TASK:
Write out the listing below exactly, beginning at its first line and ending with the line that contains "toyota-yaris-elektrisitetbensin-2018-big-5".

:: DATASET EXCERPTS

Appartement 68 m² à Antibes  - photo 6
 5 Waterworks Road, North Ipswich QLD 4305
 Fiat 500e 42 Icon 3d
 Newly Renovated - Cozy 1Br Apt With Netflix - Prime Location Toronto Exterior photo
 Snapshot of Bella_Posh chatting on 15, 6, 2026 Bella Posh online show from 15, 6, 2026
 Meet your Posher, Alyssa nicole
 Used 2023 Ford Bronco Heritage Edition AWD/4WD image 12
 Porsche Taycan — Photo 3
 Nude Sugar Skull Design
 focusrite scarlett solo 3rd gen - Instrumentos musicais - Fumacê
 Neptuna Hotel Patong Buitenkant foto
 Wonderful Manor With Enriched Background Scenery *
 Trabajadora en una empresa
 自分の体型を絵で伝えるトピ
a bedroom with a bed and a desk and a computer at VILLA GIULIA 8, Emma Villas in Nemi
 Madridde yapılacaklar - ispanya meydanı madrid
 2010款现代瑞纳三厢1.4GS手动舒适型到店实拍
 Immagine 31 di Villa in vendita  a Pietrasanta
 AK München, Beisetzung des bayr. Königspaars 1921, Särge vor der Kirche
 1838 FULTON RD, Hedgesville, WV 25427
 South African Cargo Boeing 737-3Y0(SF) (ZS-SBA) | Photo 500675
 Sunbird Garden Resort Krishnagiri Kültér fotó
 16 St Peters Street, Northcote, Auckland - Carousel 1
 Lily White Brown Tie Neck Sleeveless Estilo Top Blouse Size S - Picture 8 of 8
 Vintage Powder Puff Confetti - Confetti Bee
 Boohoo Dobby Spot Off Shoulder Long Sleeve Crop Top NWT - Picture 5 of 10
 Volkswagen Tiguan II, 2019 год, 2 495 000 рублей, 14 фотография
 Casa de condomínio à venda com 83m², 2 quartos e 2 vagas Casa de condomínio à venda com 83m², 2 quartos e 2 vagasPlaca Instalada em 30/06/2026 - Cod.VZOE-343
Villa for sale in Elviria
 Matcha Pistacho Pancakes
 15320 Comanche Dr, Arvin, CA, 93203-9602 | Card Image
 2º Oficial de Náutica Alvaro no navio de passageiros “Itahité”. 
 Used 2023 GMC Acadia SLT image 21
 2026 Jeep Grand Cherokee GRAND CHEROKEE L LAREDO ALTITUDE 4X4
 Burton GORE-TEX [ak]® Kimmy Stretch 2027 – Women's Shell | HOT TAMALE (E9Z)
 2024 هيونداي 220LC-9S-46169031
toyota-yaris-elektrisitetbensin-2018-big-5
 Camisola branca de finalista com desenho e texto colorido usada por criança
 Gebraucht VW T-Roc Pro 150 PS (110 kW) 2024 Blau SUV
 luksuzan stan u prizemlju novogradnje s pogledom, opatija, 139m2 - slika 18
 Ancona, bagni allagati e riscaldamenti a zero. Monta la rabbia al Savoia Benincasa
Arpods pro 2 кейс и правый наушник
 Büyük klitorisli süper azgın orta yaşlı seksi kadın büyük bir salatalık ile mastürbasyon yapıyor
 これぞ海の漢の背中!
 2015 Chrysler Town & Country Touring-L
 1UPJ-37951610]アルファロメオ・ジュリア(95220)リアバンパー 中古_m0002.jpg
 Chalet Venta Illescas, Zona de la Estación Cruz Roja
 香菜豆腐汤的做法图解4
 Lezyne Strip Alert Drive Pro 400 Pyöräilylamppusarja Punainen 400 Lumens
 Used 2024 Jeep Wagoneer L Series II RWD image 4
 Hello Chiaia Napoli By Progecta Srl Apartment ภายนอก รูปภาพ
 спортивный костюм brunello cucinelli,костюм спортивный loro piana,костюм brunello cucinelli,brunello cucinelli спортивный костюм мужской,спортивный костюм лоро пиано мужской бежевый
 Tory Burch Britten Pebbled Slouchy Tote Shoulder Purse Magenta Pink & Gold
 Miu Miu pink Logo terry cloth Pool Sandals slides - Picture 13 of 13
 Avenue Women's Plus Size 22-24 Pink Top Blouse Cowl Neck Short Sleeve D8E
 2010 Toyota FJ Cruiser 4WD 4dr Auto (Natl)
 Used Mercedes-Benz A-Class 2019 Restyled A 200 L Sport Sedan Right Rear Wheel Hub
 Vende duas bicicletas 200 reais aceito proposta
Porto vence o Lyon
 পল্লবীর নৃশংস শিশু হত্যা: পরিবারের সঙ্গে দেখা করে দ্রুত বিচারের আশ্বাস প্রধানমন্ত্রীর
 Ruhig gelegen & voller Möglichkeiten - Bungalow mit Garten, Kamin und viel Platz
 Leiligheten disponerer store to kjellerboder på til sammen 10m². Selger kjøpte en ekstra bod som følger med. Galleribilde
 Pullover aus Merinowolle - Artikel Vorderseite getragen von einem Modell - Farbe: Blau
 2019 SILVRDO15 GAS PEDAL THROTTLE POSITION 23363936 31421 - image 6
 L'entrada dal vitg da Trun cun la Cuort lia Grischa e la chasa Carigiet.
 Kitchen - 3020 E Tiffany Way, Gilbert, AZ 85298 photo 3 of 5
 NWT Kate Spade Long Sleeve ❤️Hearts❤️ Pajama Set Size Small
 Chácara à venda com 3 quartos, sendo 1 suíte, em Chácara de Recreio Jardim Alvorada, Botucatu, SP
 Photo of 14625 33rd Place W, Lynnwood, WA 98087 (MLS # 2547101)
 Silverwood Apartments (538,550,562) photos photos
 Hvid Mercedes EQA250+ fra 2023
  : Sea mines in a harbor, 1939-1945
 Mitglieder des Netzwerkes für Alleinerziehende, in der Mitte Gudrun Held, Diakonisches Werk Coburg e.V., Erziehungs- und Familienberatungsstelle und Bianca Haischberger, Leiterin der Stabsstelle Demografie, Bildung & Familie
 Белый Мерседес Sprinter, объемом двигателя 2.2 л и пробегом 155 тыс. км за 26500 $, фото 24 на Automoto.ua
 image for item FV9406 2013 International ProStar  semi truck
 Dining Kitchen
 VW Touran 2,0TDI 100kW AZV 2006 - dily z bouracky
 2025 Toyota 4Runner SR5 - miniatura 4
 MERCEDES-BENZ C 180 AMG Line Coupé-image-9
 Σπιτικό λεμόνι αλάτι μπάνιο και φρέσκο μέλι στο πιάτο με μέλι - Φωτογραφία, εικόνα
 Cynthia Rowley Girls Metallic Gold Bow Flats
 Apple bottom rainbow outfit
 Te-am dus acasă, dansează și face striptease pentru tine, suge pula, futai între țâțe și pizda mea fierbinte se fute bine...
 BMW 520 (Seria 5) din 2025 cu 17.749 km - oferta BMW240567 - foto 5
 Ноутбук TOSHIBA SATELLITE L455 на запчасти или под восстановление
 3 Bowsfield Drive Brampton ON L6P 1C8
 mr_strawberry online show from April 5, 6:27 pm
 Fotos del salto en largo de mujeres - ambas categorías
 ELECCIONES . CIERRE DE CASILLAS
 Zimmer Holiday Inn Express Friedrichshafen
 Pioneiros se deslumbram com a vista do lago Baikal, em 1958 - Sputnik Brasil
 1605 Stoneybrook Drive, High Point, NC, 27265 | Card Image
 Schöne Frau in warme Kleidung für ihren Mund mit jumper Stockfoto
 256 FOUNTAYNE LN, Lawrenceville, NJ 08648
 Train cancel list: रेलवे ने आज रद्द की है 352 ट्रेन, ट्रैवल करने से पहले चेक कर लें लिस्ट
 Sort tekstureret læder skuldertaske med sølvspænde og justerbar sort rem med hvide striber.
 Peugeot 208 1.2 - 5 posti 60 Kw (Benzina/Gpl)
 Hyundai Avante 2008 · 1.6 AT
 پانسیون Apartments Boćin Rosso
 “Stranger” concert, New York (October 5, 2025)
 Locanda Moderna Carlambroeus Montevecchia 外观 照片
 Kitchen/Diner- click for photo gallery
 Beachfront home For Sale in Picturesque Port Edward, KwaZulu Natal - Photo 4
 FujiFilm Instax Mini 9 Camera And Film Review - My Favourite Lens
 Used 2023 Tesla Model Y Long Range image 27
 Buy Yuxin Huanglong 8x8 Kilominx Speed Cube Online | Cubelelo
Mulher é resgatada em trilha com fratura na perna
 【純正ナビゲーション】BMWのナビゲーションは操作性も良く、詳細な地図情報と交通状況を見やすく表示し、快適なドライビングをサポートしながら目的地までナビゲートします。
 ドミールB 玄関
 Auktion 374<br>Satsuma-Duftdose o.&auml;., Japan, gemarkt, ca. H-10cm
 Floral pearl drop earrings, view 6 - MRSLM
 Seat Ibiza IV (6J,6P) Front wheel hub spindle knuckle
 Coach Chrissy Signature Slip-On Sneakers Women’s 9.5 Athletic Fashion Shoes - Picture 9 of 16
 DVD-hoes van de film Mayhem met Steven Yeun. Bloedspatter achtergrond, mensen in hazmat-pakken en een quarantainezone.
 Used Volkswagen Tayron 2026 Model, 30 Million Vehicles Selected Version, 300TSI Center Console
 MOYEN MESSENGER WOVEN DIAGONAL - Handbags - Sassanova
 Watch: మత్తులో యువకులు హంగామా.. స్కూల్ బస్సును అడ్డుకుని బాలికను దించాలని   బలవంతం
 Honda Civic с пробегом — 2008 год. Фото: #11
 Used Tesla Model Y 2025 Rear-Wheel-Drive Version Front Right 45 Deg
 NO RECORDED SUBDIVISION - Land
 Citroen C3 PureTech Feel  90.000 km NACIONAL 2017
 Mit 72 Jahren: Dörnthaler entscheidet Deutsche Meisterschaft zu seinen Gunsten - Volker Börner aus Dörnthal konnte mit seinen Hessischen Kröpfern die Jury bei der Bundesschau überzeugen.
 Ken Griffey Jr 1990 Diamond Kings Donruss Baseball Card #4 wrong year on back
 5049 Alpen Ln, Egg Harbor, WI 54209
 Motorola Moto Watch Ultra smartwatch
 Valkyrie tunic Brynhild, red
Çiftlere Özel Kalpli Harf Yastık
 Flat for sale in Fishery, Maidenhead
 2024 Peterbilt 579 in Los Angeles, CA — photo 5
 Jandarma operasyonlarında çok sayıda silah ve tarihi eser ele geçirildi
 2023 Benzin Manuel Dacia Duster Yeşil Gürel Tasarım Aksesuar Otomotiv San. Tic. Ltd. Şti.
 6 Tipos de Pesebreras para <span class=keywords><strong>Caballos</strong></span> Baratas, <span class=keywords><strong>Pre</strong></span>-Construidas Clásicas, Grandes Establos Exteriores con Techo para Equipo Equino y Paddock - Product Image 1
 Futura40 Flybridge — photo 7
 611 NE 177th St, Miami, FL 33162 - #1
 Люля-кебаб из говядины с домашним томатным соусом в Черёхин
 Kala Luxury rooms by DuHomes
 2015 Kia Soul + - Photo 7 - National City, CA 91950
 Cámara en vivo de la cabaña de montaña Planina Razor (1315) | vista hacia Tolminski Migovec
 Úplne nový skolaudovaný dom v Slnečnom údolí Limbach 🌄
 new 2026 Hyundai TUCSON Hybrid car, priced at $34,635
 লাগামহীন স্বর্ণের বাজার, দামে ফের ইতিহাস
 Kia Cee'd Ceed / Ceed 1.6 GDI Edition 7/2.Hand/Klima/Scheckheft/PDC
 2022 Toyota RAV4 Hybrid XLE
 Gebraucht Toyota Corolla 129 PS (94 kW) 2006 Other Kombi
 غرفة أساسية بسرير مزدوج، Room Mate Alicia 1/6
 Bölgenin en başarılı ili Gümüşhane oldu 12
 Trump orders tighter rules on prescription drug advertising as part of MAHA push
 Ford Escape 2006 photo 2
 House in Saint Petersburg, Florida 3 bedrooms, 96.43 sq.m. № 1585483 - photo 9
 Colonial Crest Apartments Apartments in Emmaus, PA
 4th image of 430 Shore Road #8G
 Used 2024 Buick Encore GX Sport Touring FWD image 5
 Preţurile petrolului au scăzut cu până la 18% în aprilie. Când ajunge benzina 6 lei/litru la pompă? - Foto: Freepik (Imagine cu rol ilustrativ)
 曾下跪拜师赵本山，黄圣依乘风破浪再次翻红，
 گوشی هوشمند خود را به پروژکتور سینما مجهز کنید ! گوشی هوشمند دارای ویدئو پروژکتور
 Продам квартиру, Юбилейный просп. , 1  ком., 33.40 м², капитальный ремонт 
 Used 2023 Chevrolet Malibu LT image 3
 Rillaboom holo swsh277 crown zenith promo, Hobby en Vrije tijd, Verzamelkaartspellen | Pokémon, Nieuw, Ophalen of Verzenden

::::

THE COMPLETED TASK:
Appartement 68 m² à Antibes  - photo 6
 5 Waterworks Road, North Ipswich QLD 4305
 Fiat 500e 42 Icon 3d
 Newly Renovated - Cozy 1Br Apt With Netflix - Prime Location Toronto Exterior photo
 Snapshot of Bella_Posh chatting on 15, 6, 2026 Bella Posh online show from 15, 6, 2026
 Meet your Posher, Alyssa nicole
 Used 2023 Ford Bronco Heritage Edition AWD/4WD image 12
 Porsche Taycan — Photo 3
 Nude Sugar Skull Design
 focusrite scarlett solo 3rd gen - Instrumentos musicais - Fumacê
 Neptuna Hotel Patong Buitenkant foto
 Wonderful Manor With Enriched Background Scenery *
 Trabajadora en una empresa
 自分の体型を絵で伝えるトピ
a bedroom with a bed and a desk and a computer at VILLA GIULIA 8, Emma Villas in Nemi
 Madridde yapılacaklar - ispanya meydanı madrid
 2010款现代瑞纳三厢1.4GS手动舒适型到店实拍
 Immagine 31 di Villa in vendita  a Pietrasanta
 AK München, Beisetzung des bayr. Königspaars 1921, Särge vor der Kirche
 1838 FULTON RD, Hedgesville, WV 25427
 South African Cargo Boeing 737-3Y0(SF) (ZS-SBA) | Photo 500675
 Sunbird Garden Resort Krishnagiri Kültér fotó
 16 St Peters Street, Northcote, Auckland - Carousel 1
 Lily White Brown Tie Neck Sleeveless Estilo Top Blouse Size S - Picture 8 of 8
 Vintage Powder Puff Confetti - Confetti Bee
 Boohoo Dobby Spot Off Shoulder Long Sleeve Crop Top NWT - Picture 5 of 10
 Volkswagen Tiguan II, 2019 год, 2 495 000 рублей, 14 фотография
 Casa de condomínio à venda com 83m², 2 quartos e 2 vagas Casa de condomínio à venda com 83m², 2 quartos e 2 vagasPlaca Instalada em 30/06/2026 - Cod.VZOE-343
Villa for sale in Elviria
 Matcha Pistacho Pancakes
 15320 Comanche Dr, Arvin, CA, 93203-9602 | Card Image
 2º Oficial de Náutica Alvaro no navio de passageiros “Itahité”. 
 Used 2023 GMC Acadia SLT image 21
 2026 Jeep Grand Cherokee GRAND CHEROKEE L LAREDO ALTITUDE 4X4
 Burton GORE-TEX [ak]® Kimmy Stretch 2027 – Women's Shell | HOT TAMALE (E9Z)
 2024 هيونداي 220LC-9S-46169031
toyota-yaris-elektrisitetbensin-2018-big-5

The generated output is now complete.